Toch lukt het hem voor te piepen. Hij wacht namelijk niet tot mijn voorganger, een wat tobberige vrouw op leeftijd, na de noodzakelijke stempel haar boekje kan oppakken en vertrekken, hij duwt haar gewoon opzij en schuift zijn boekje onder het loketje door.
Wacht maar vader, die is maar geleend, denk ik, en zet me schrap. Na zijn stempel ontvangen te hebben, wisselt hij nog een paar woorden met het vrouwtje achter het raampje en loopt met een triomfantelijke blik weg. Als een commando vanuit zijn schuilplaats kom ik in actie. Ik steek een been uit, net voor zijn korte pootjes. Hij struikelt en valt net niet voorover. Jammer, maar ik ben toch tevreden als ik in zijn verbaasde smoelwerk kijk. Signomi (sorry), mompel ik en zet de noodzakelijke pas naar het loket alvorens een andere Griek van de seconde oponthoud gebruik maakt.

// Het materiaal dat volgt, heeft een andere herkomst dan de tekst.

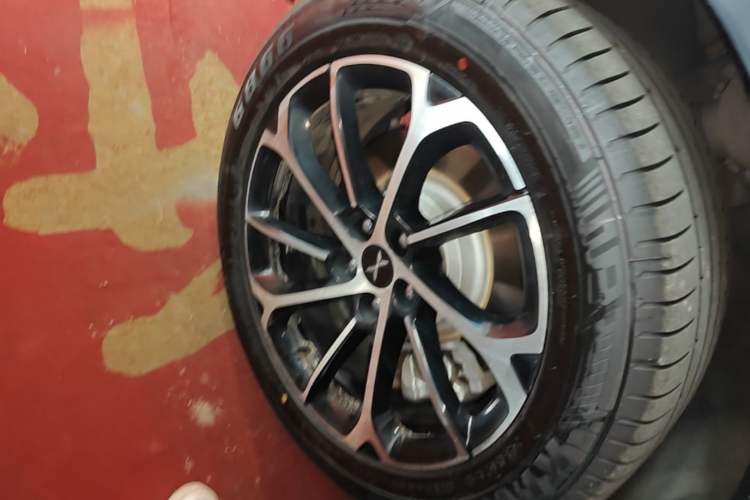 Used XPeng P7 2022 625E Right Rear Wheel Hub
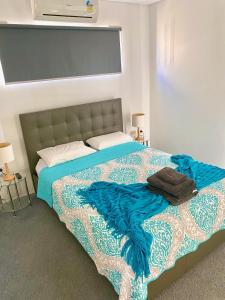 耶蓬Blue horizon的一间卧室配有一张带蓝色棉被的床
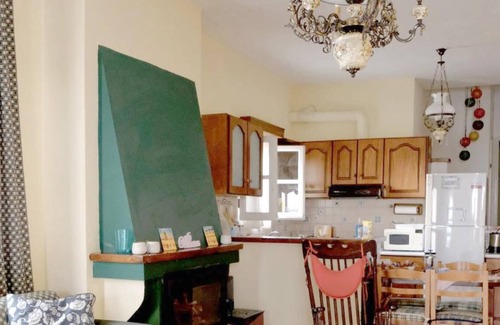 Ano Lechonia Casa | Joy Seaside Apartment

De lokettiste, die duidelijk uitstraalt dat ze net zoveel van mensen houdt als van besmettelijke ziekten, vraagt naar mijn nummertje. Waarom wel aan mij en niet aan dat onderkruipsel dat voor piepte, vraag ik me af. Maar ik zeg het niet. Het mens ziet eruit als Eucalypta de heks, met een enorme puist formaat aardbei op haar neus. Om het af te maken heeft ze een tweede op haar kin waar ook nog eens een grote haar uit groeit.
Eucalypta bestudeert mijn briefje alsof het een van de Dode Zeerollen is. Gelukkig kan ze er geen onvolkomenheden op vinden. Met duidelijke tegenzin slaat ze er een gat in met een stempel en staart weer voor zich uit alsof we elkaar nooit ontmoet hebben.

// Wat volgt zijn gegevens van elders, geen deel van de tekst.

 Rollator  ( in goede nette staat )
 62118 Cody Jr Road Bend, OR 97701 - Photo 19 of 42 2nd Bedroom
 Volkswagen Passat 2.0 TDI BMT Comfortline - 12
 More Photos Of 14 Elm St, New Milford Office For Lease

OK, het ging niet snel en zeker niet van harte, maar ik heb dan toch mijn stempeltje, dus is men in bepaalde regionen van mijn bestaan op de hoogte. Nu is het nog een kwestie van een paar minuten. Nou ja, een kwartiertje. Dan is het eindelijk zo ver.
Een van de zwaar beschadigde deuren zwaait krakend open. Een man met een slagersjas en een groen mutsje op zijn bezwete hoofd roept om meneer Murder. Ik sta op en zeg, yes your honor, that’s me.

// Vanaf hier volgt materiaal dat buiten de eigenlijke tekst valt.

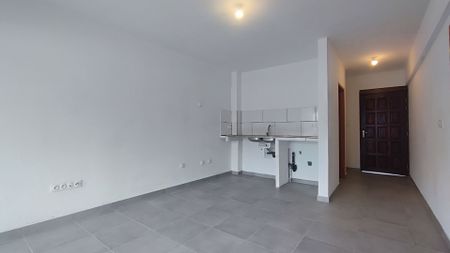 Apartment - Photo 4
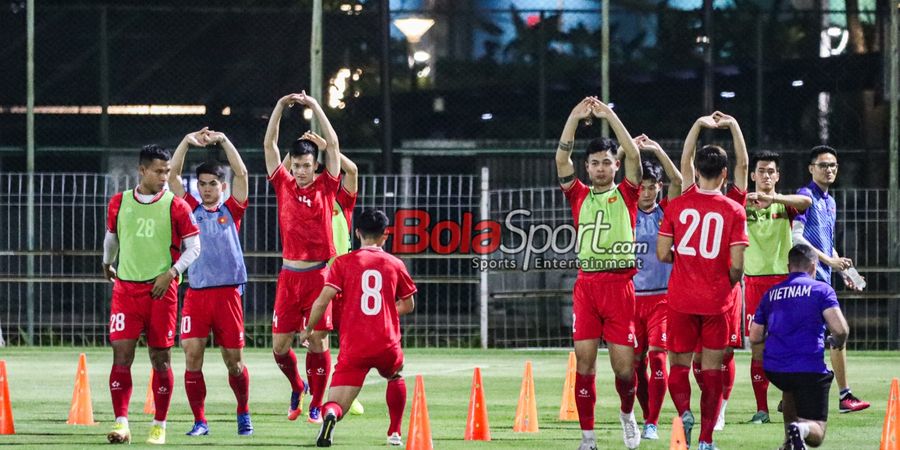 Media Vietnam Nggak Terima Pemain Timnas Dibangungkan Sahur Pakai Petasan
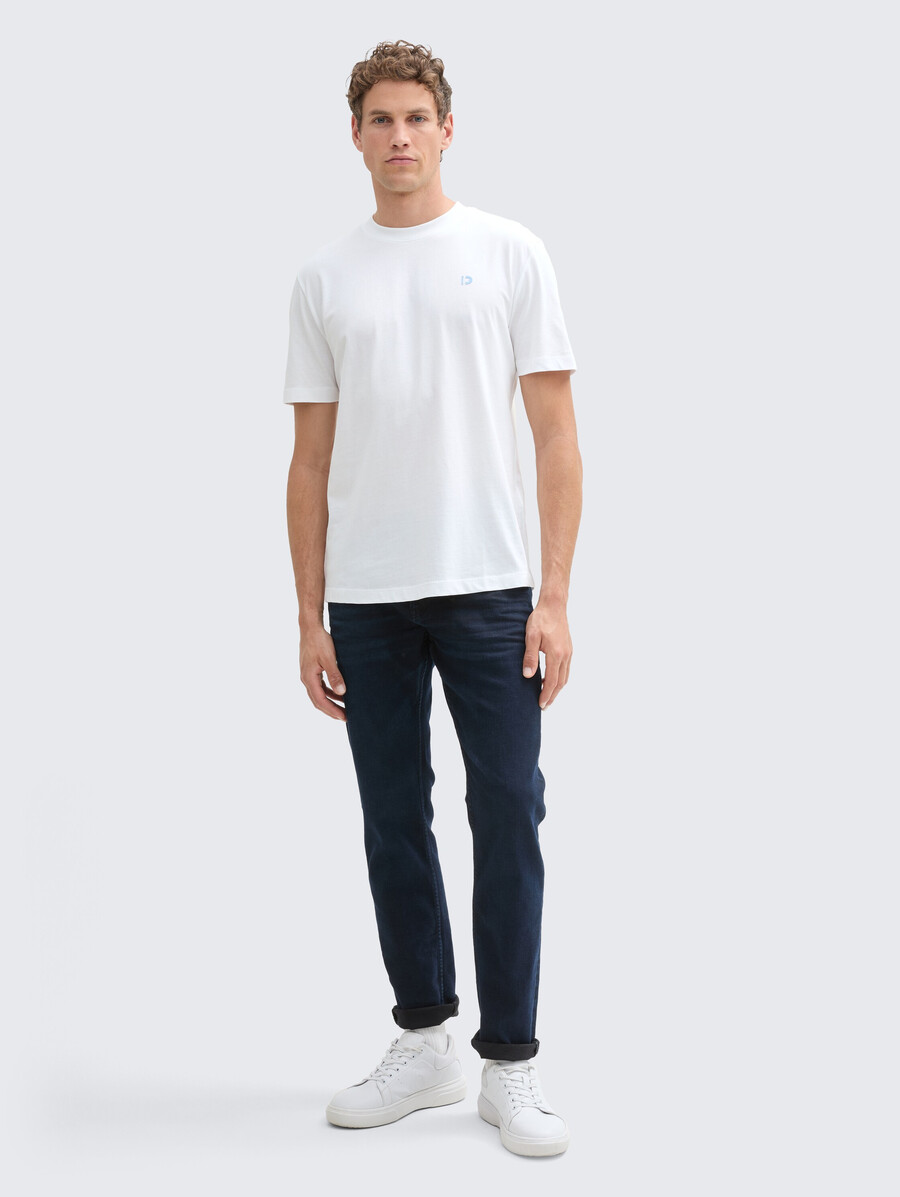 camiseta básica
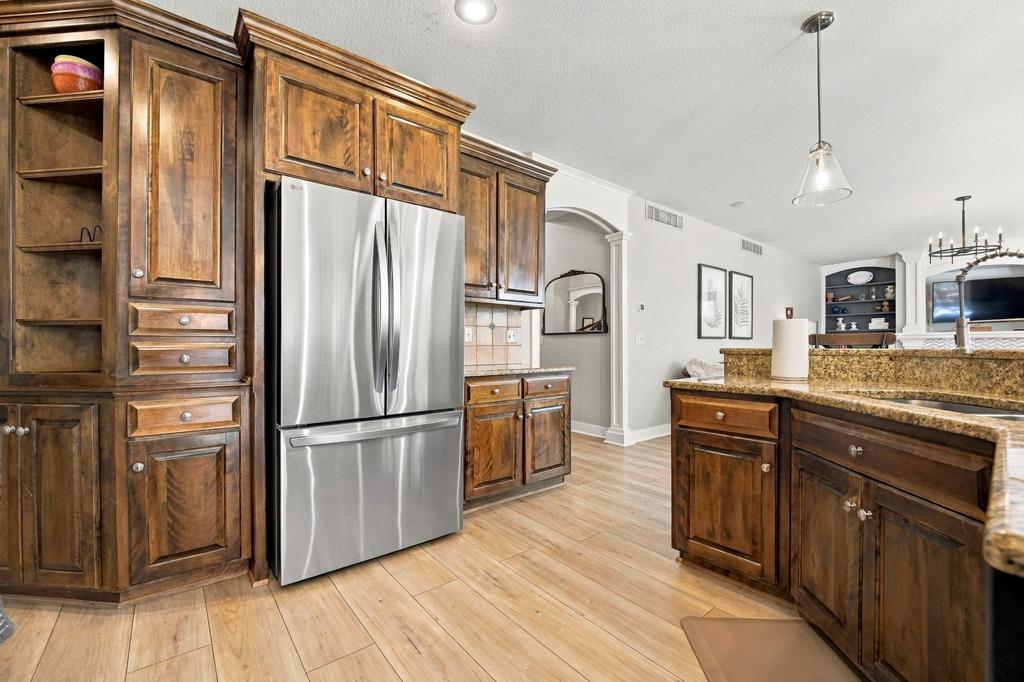 16253 Stearns Street Property Photo 8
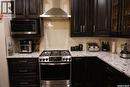 319 Roy Crescent, Saskatoon, SK  - Indoor Photo Showing Kitchen 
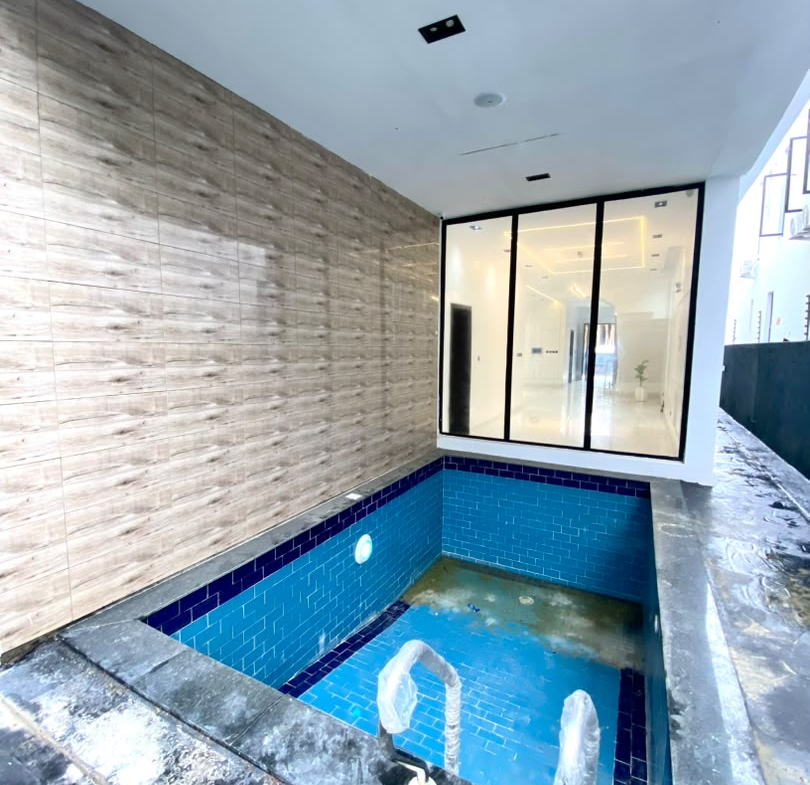 5 BEDROOM FULLY DETACHED DUPLEX WITH S/ POOL, BQ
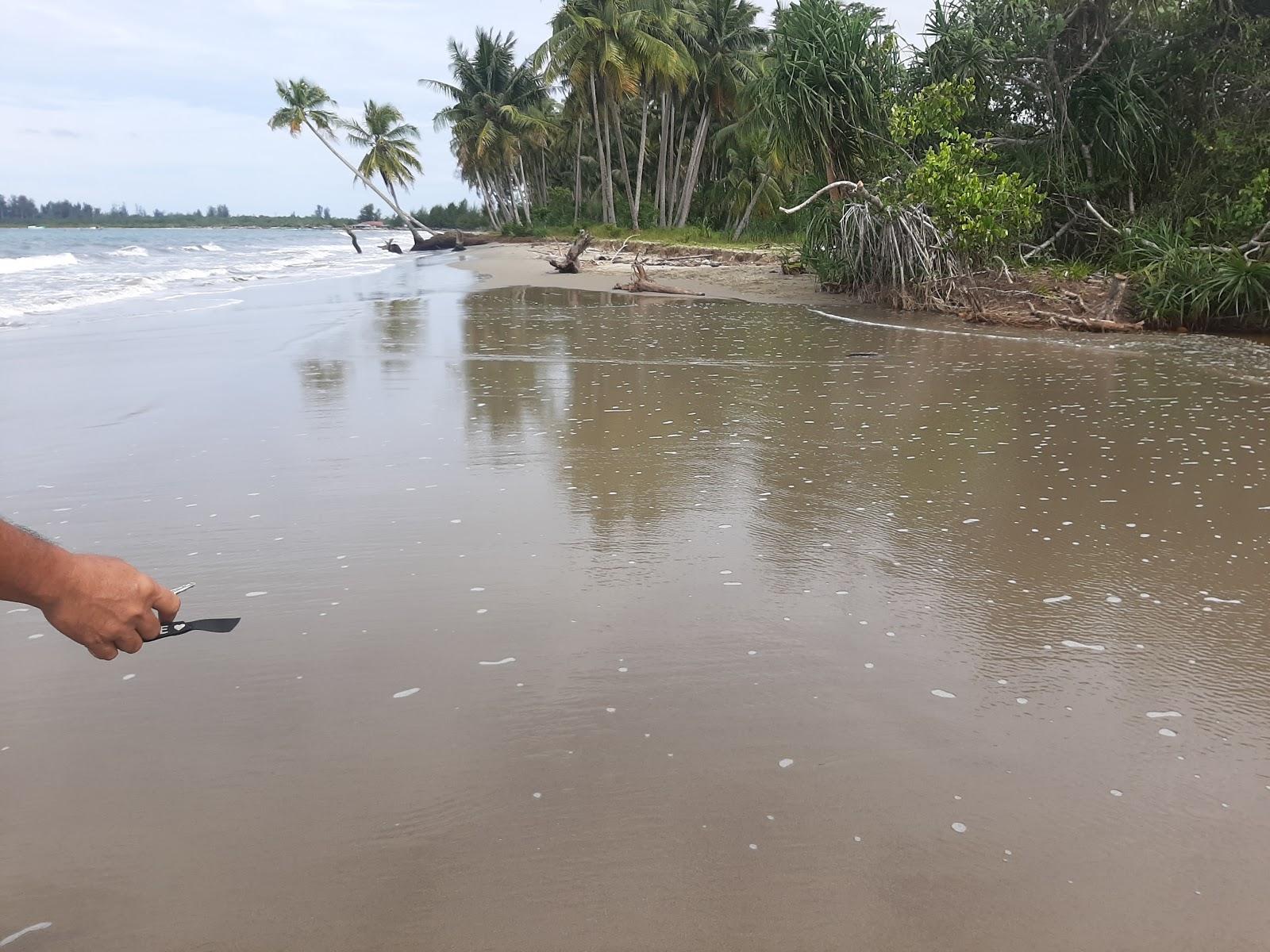 Sandee Pantai Ujong Nibong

Achter zijn rug zie ik een gordijn met daarvoor een behandeltafel waarop witte lappen slordig gedrapeerd liggen. Een half dozijn zorgelijk kijkende mensen, sommigen met bebloede handschoenen, anderen met schoonmaakattributen lopen door elkaar. De dok doet de deur verder open en wenkt mij binnen. De vage glimlach die hij produceert ontbloot een spleetje tussen zijn voortanden, maar heeft niet bepaald een geruststellende uitwerking op mij.